* [PROBLEM DETAILS]: Make an exact copy of the lines from the one containing "5076 Watergate Road Property Photo 20" through the end of the records below, and leave out every picture.

Extracted records
+===+

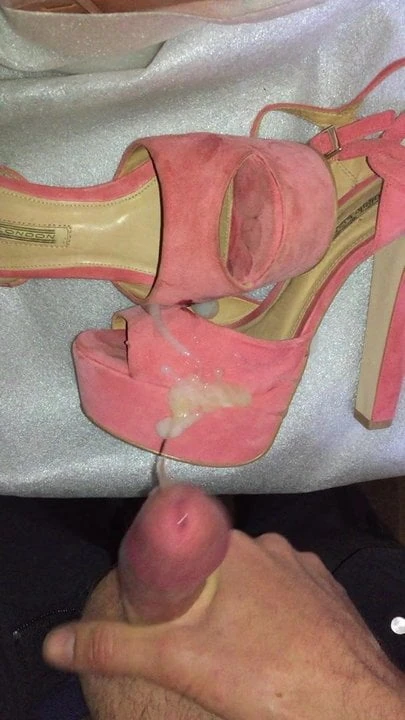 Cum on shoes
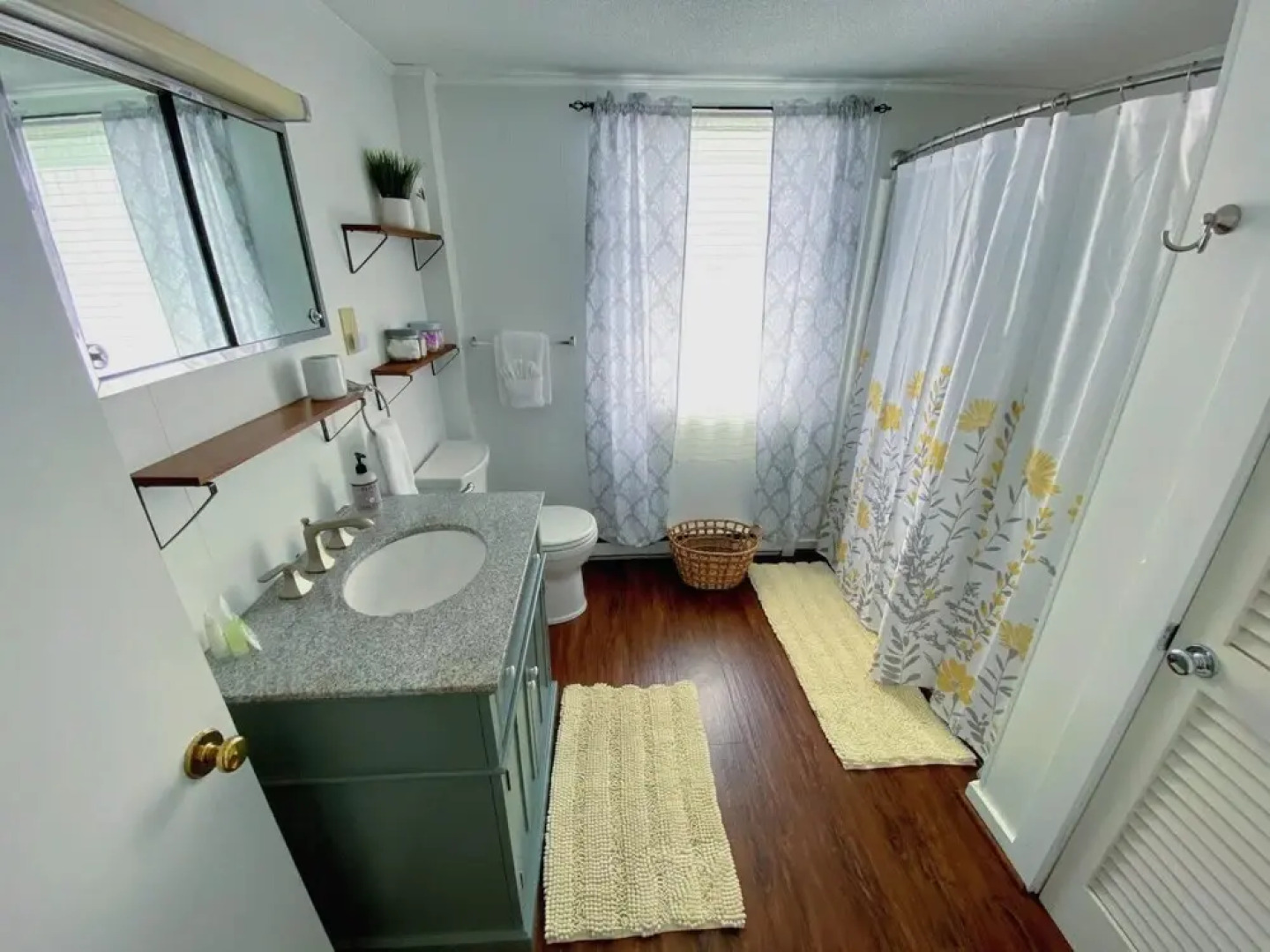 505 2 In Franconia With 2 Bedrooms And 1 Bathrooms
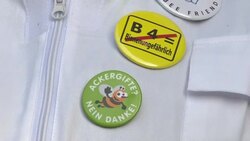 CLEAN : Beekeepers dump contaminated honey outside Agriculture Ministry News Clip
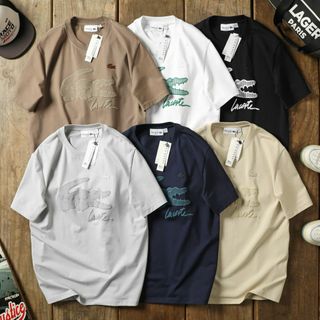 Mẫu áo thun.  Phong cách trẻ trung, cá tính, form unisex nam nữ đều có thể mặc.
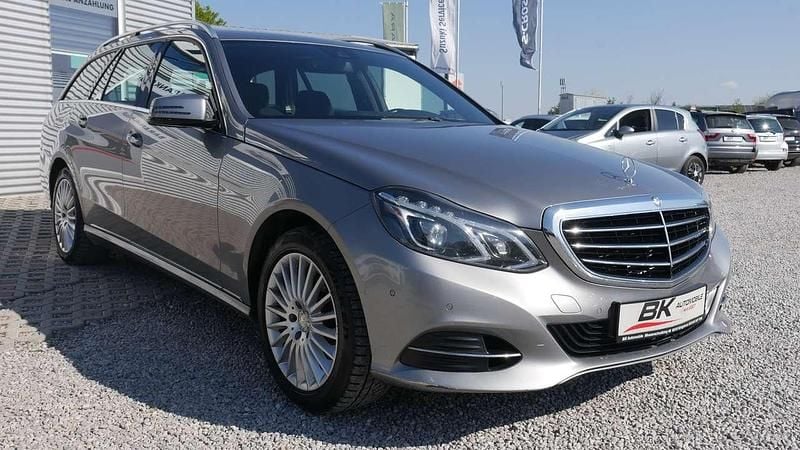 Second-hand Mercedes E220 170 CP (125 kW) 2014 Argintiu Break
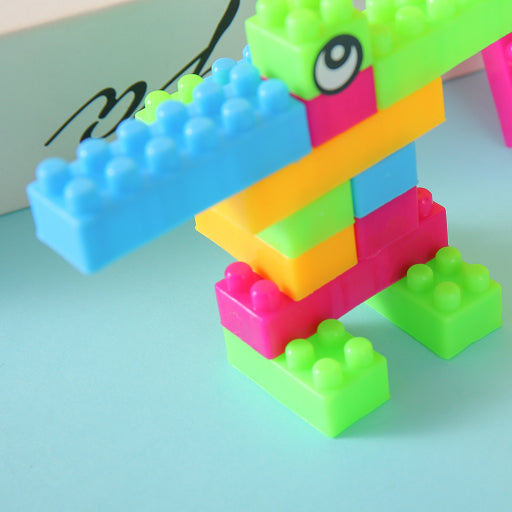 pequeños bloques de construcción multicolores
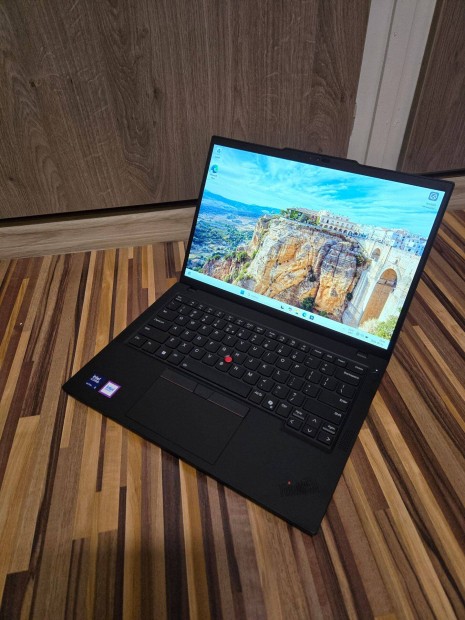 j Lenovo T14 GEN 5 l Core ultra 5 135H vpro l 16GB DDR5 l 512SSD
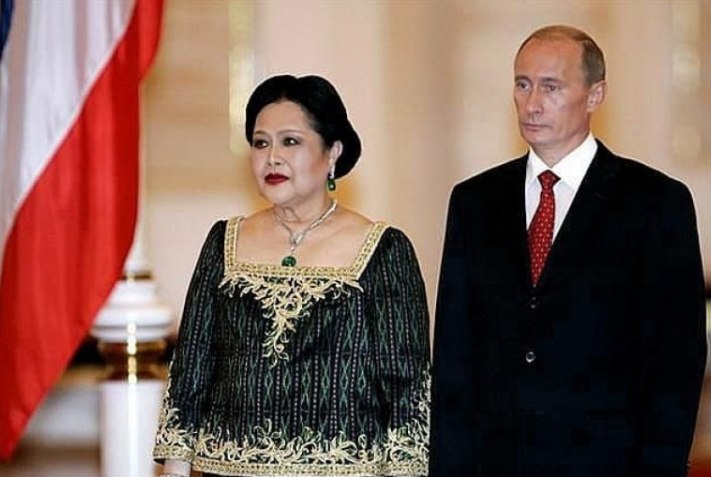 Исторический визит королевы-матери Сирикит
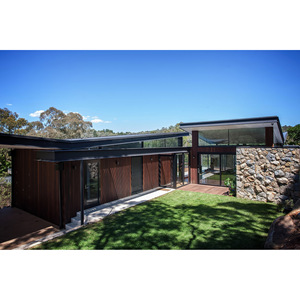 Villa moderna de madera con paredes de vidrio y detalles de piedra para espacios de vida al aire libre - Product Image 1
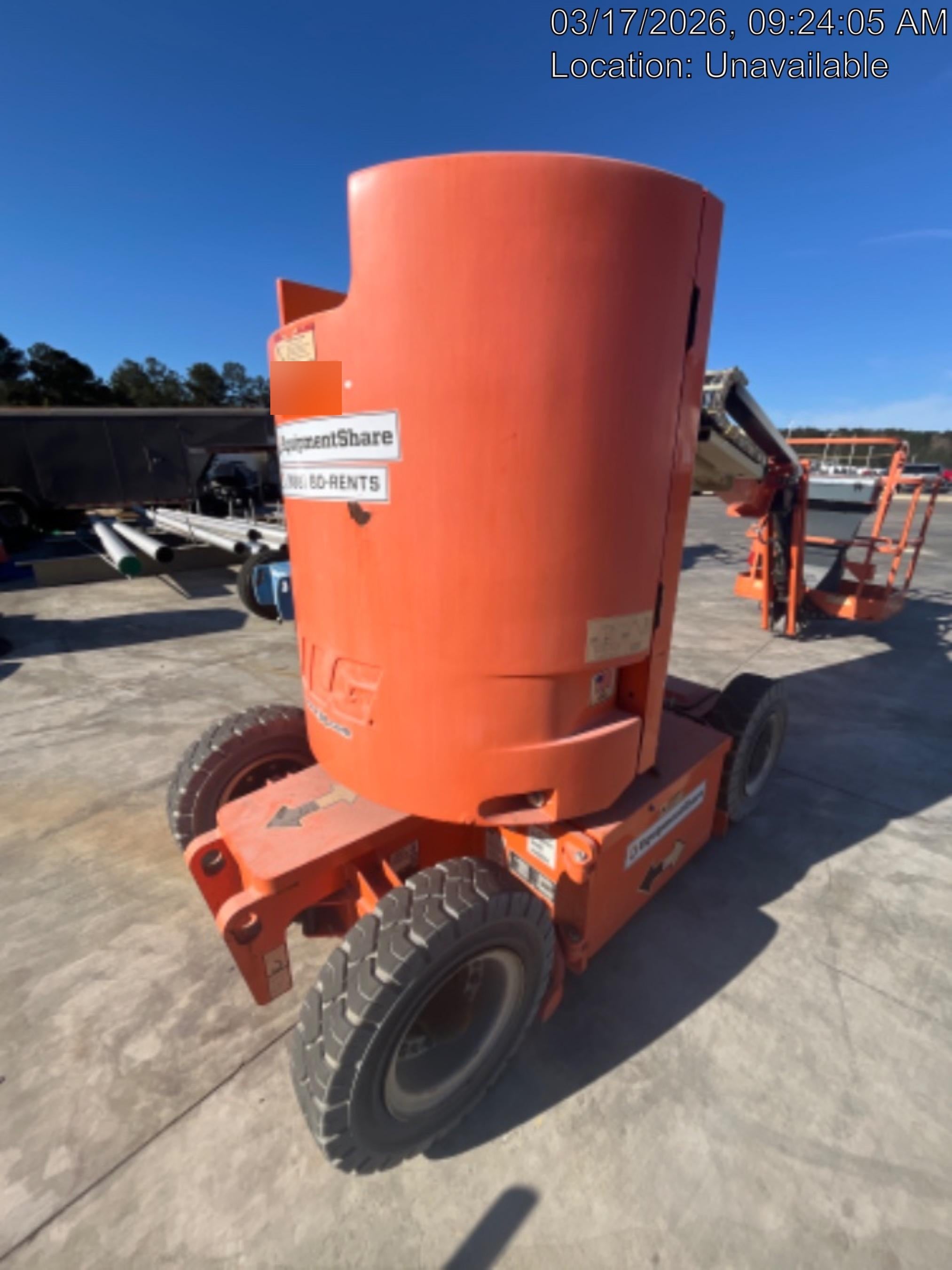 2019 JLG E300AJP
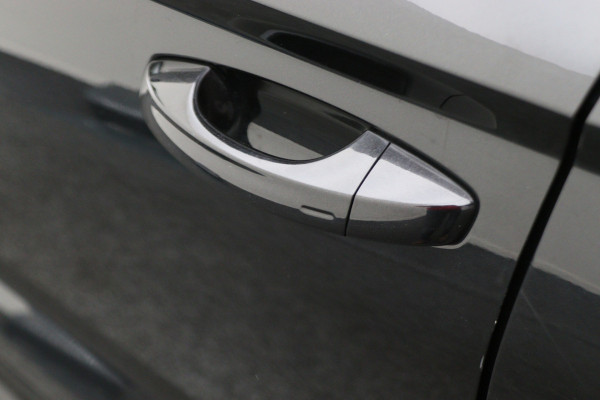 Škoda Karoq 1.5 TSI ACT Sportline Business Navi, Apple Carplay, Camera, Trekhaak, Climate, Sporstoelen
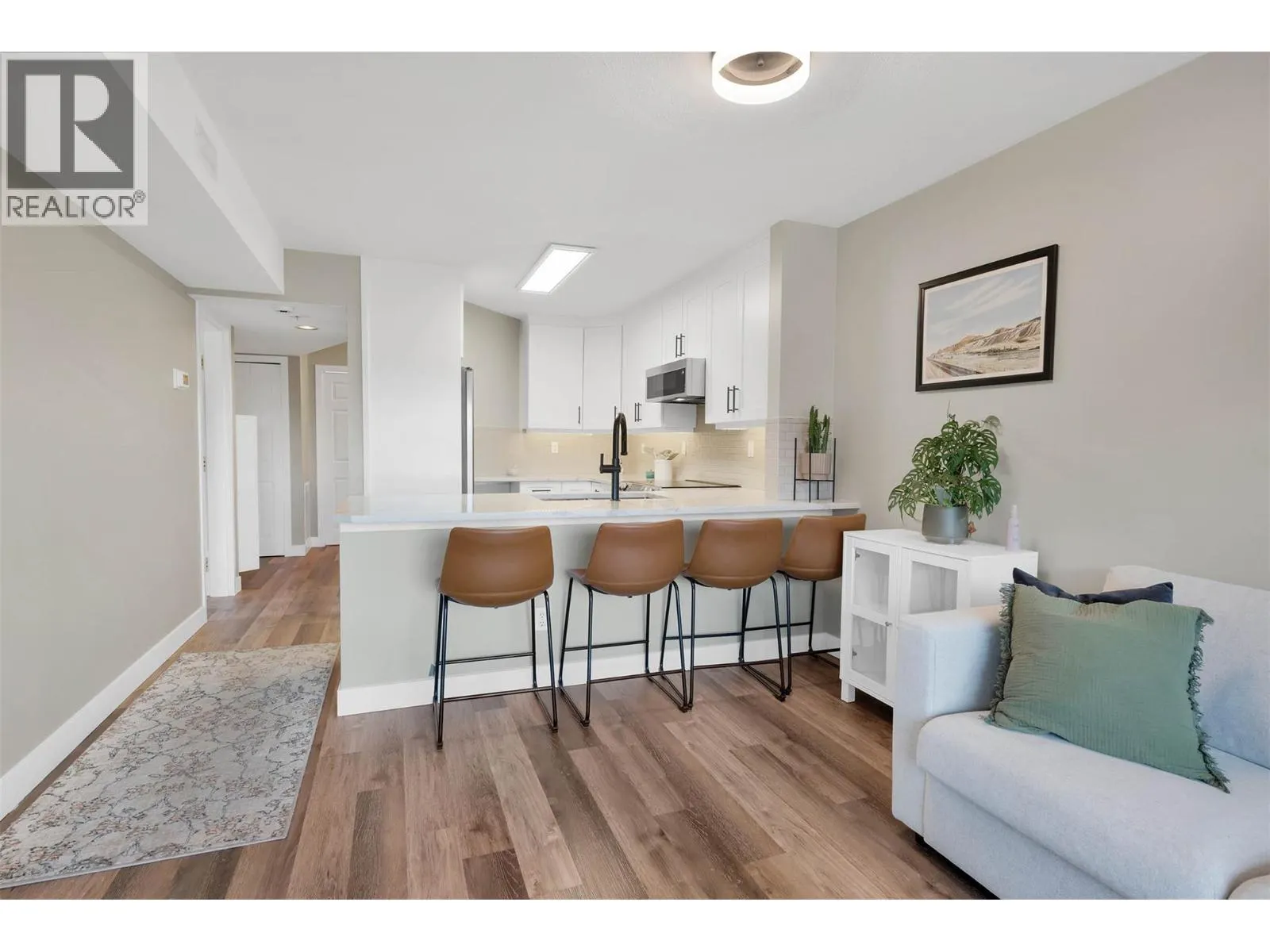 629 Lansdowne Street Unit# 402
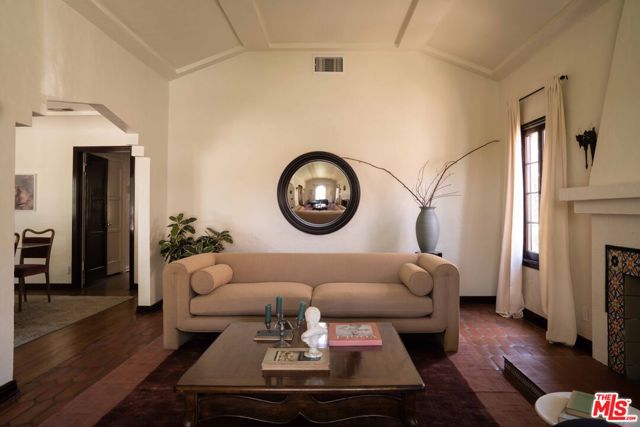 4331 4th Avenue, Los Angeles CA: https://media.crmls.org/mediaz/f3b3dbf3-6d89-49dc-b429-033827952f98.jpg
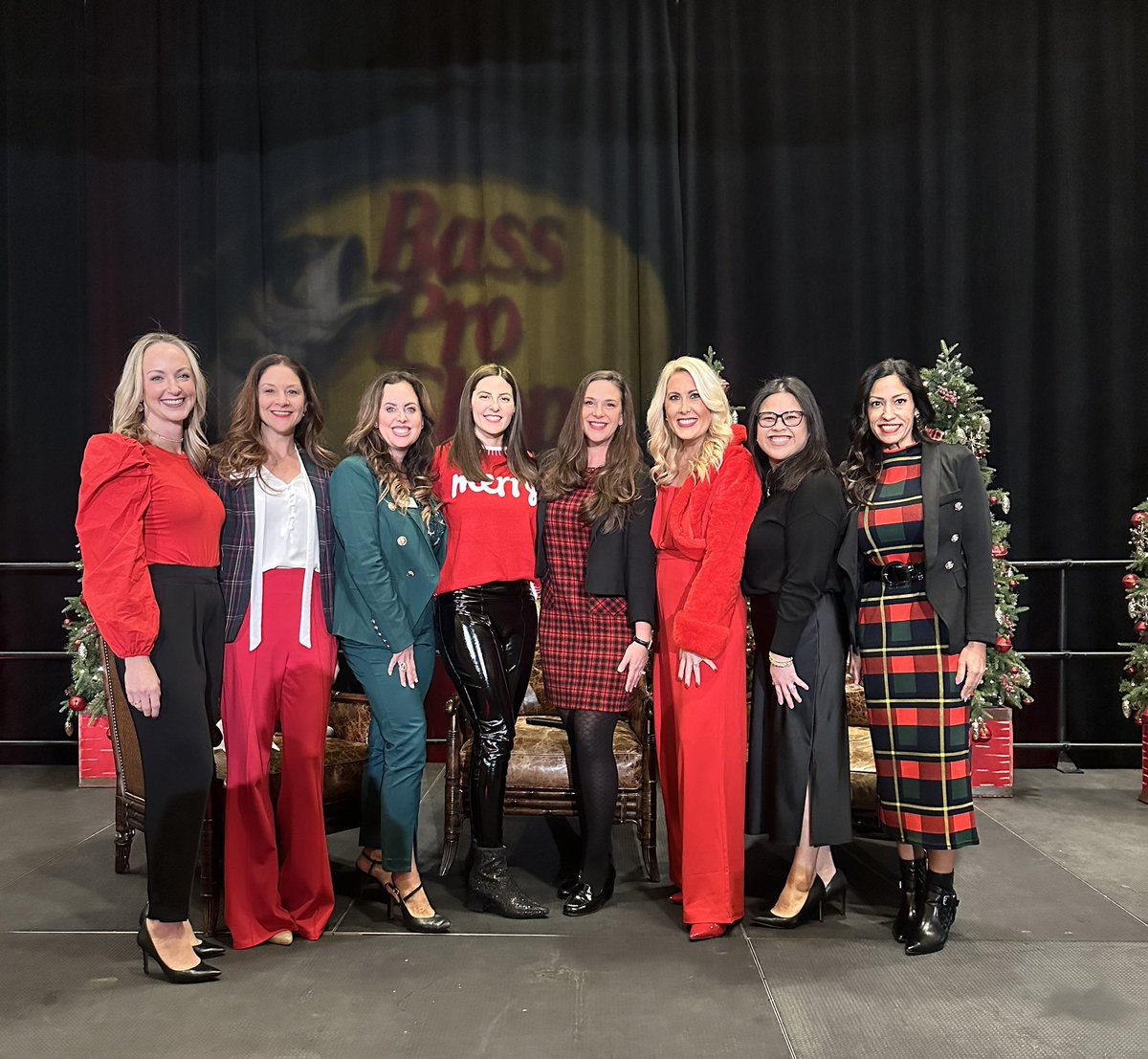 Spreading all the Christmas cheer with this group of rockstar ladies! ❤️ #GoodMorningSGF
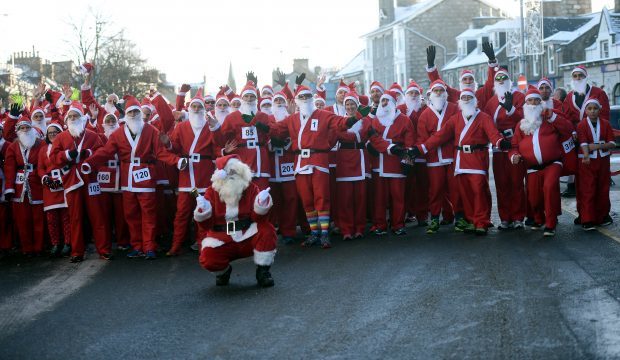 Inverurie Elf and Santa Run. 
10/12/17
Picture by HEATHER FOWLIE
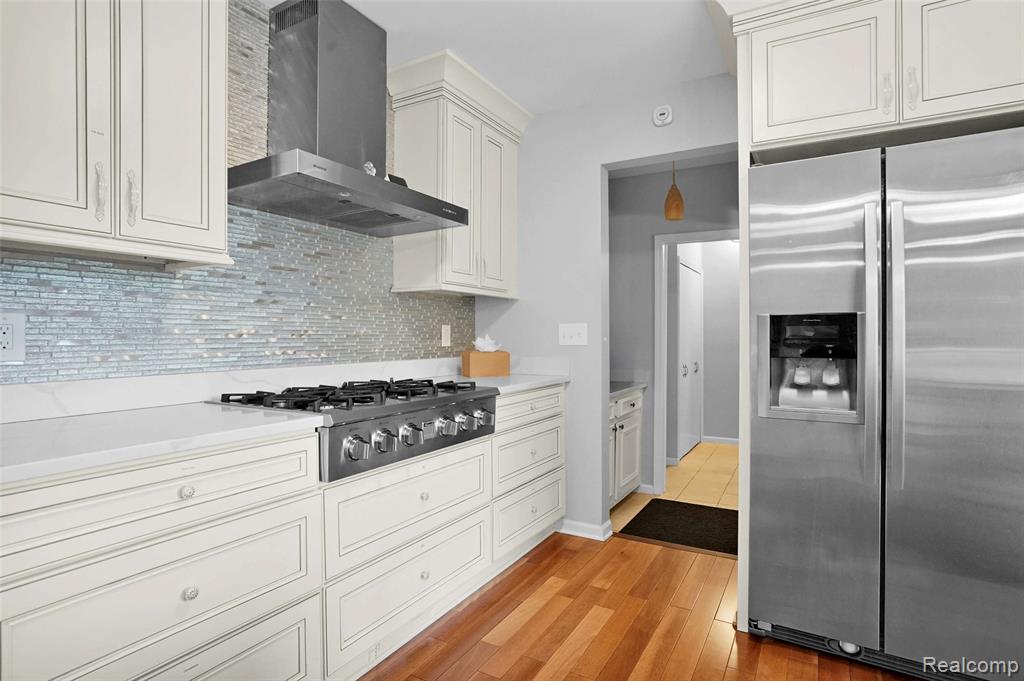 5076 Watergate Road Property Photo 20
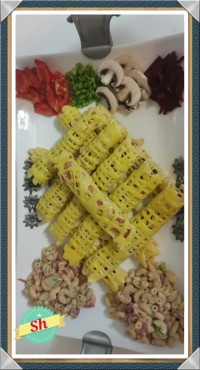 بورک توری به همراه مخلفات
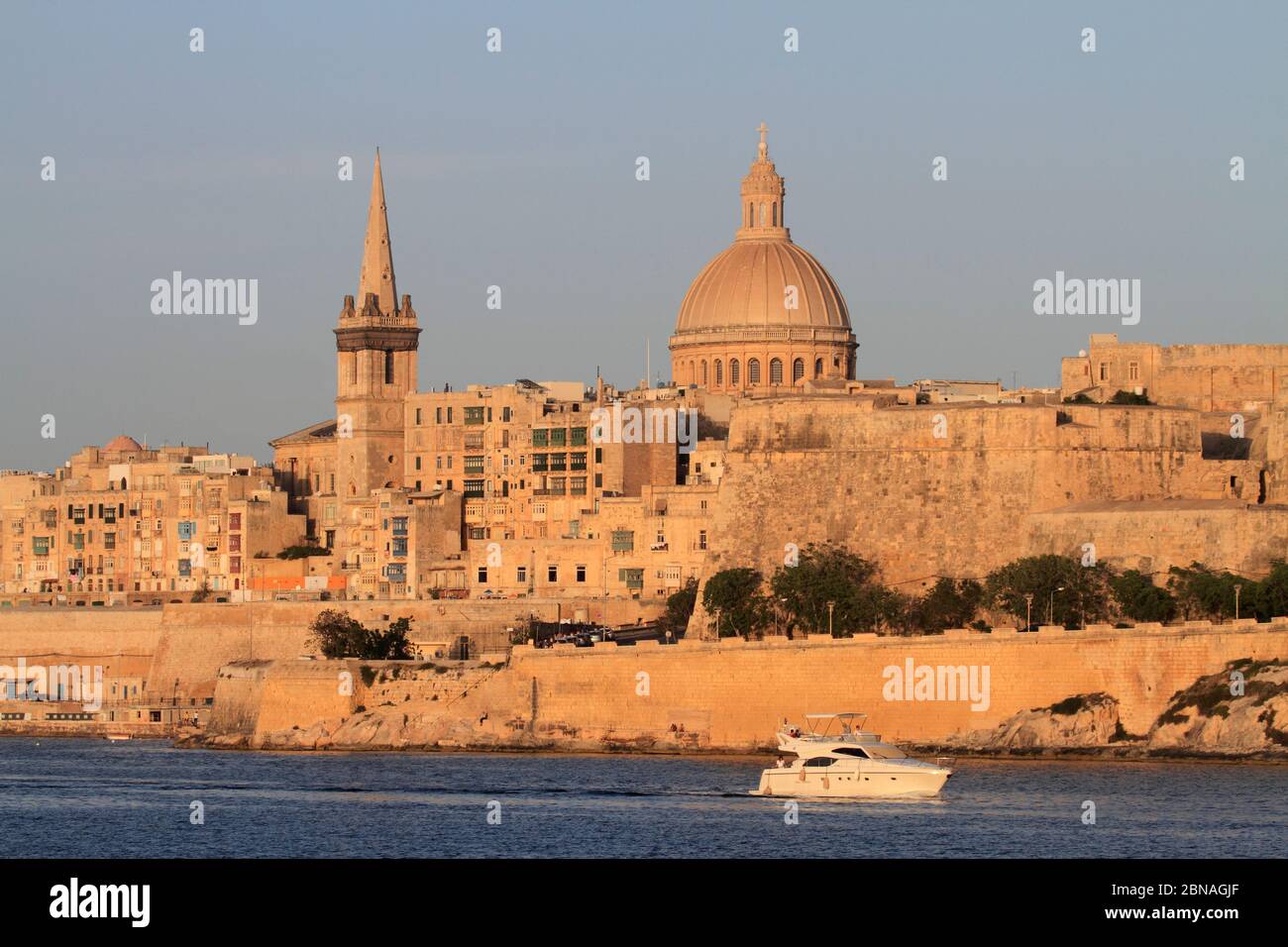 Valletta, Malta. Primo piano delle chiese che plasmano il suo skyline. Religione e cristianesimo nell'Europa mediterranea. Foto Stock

+===+

* [SOLUTION TO THIS EXERCISE]:
 5076 Watergate Road Property Photo 20
 بورک توری به همراه مخلفات
 Valletta, Malta. Primo piano delle chiese che plasmano il suo skyline. Religione e cristianesimo nell'Europa mediterranea. Foto Stock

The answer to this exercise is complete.